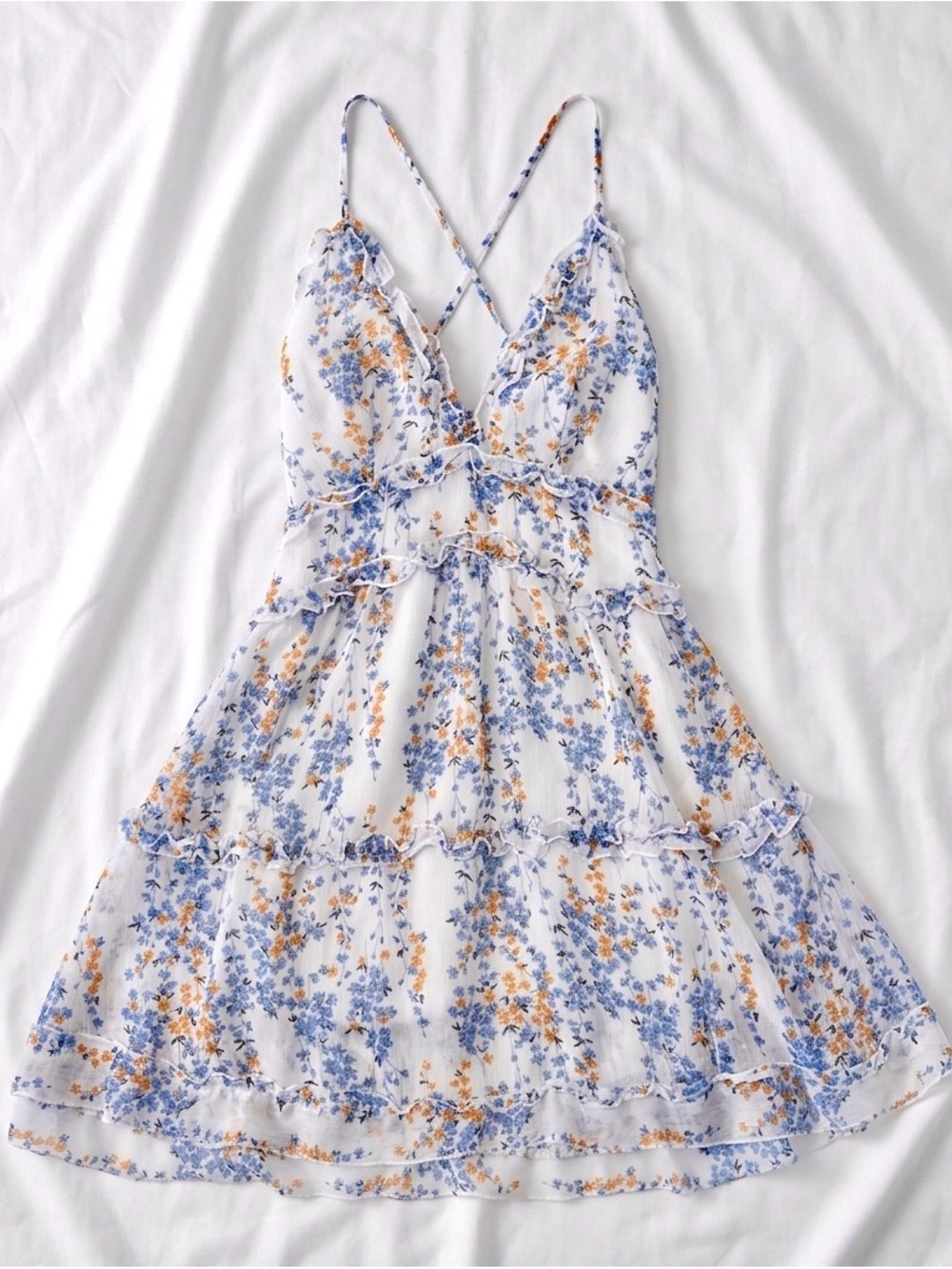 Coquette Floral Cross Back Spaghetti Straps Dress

==*==

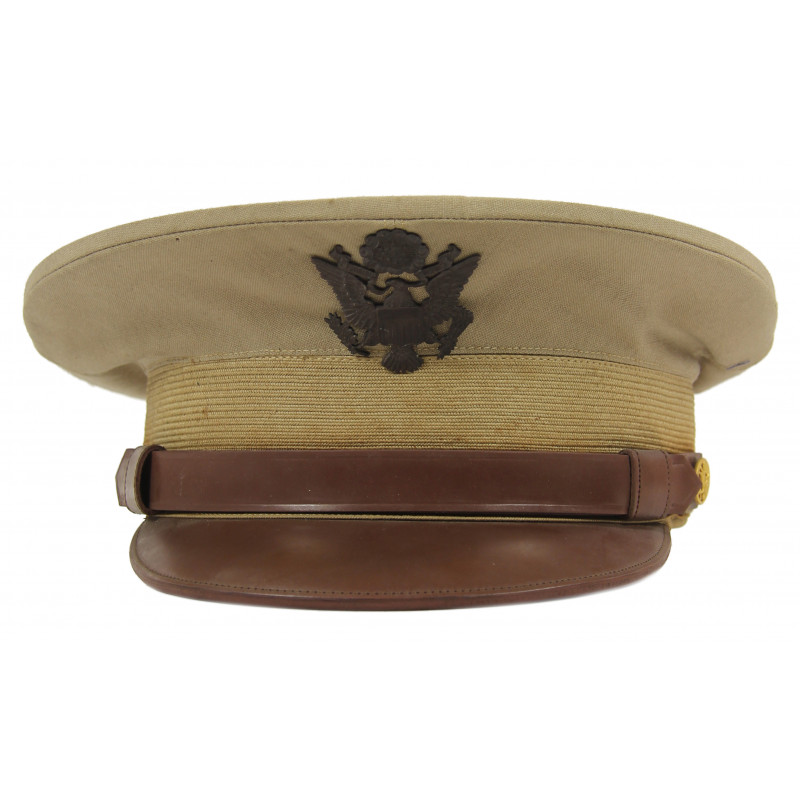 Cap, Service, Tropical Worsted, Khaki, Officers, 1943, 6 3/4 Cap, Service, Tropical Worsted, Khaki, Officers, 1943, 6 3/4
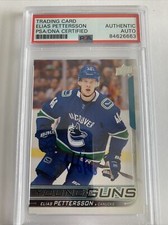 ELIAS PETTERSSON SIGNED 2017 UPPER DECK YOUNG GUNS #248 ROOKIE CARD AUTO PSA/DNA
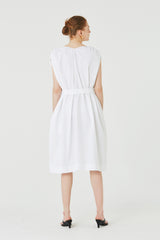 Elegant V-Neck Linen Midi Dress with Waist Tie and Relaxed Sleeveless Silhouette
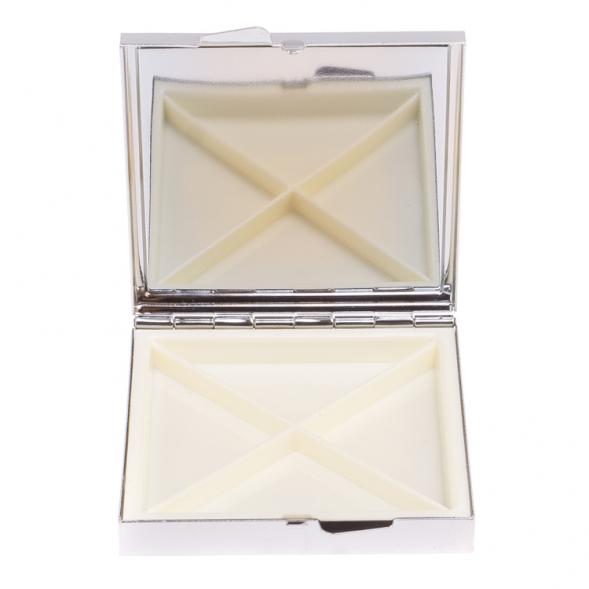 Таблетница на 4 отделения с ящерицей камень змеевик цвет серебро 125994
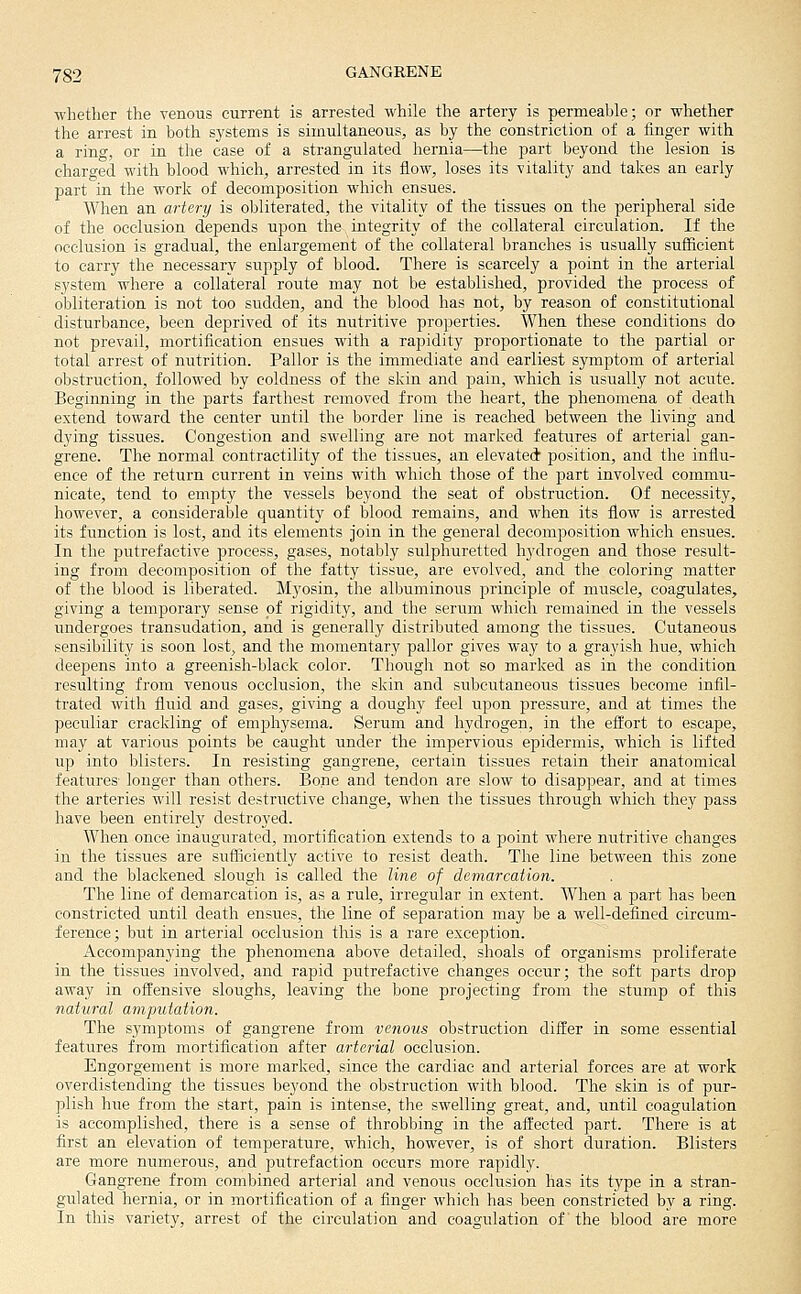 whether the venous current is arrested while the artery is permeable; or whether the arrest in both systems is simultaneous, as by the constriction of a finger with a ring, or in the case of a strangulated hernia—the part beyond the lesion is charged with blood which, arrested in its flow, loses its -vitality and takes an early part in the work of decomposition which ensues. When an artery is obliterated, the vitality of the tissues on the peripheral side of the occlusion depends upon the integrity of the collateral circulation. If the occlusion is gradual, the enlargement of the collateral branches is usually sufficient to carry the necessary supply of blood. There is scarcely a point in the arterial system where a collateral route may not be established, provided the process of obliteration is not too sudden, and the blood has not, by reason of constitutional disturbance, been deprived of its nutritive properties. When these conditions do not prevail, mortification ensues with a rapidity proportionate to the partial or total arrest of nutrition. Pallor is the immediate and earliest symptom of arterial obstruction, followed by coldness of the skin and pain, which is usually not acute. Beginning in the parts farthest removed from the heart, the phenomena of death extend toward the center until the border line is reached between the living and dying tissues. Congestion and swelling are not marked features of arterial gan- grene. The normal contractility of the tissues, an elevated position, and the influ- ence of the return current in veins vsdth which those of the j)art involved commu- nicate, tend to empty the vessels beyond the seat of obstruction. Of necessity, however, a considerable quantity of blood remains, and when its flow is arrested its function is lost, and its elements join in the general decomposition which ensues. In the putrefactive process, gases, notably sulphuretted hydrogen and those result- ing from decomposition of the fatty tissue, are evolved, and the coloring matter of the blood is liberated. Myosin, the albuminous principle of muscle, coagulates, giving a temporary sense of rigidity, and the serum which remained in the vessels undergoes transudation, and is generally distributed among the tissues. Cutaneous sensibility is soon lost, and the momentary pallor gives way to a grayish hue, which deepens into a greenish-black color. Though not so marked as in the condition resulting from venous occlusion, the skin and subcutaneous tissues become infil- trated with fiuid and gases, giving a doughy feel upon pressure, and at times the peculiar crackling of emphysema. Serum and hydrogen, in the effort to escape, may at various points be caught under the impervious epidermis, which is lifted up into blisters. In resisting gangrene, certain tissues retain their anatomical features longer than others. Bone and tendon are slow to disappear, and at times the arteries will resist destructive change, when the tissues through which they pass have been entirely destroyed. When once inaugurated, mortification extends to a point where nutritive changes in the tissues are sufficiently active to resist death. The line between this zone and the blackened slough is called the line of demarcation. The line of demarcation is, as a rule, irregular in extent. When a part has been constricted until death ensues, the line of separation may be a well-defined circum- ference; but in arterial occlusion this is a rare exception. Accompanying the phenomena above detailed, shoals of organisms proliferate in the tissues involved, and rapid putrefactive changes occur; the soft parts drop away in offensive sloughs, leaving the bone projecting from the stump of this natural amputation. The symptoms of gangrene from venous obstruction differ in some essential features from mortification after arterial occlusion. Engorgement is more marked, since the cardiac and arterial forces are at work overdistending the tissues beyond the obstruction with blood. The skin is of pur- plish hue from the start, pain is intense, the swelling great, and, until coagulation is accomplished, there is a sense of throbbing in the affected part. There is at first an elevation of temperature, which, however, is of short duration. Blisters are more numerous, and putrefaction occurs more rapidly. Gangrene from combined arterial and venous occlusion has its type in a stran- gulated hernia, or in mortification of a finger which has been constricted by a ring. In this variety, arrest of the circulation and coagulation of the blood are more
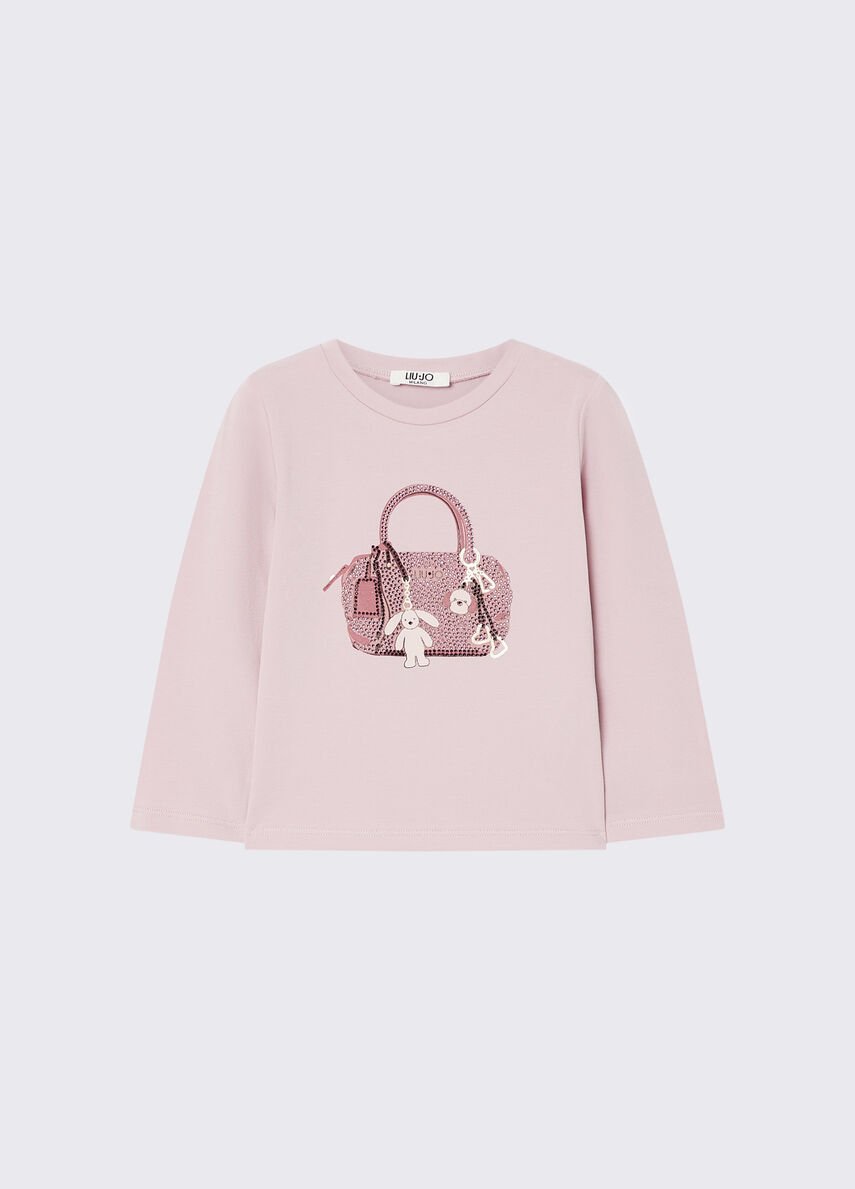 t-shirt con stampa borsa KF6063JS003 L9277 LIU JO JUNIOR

==*==

Look above and copy only the lines from the one holding "Elegant V-Neck Linen" to the one holding "Таблетница на 4", both included, exactly, minus the pictures.

[RESPONSE TO THIS EXERCISE]
 Elegant V-Neck Linen Midi Dress with Waist Tie and Relaxed Sleeveless Silhouette
 Таблетница на 4 отделения с ящерицей камень змеевик цвет серебро 125994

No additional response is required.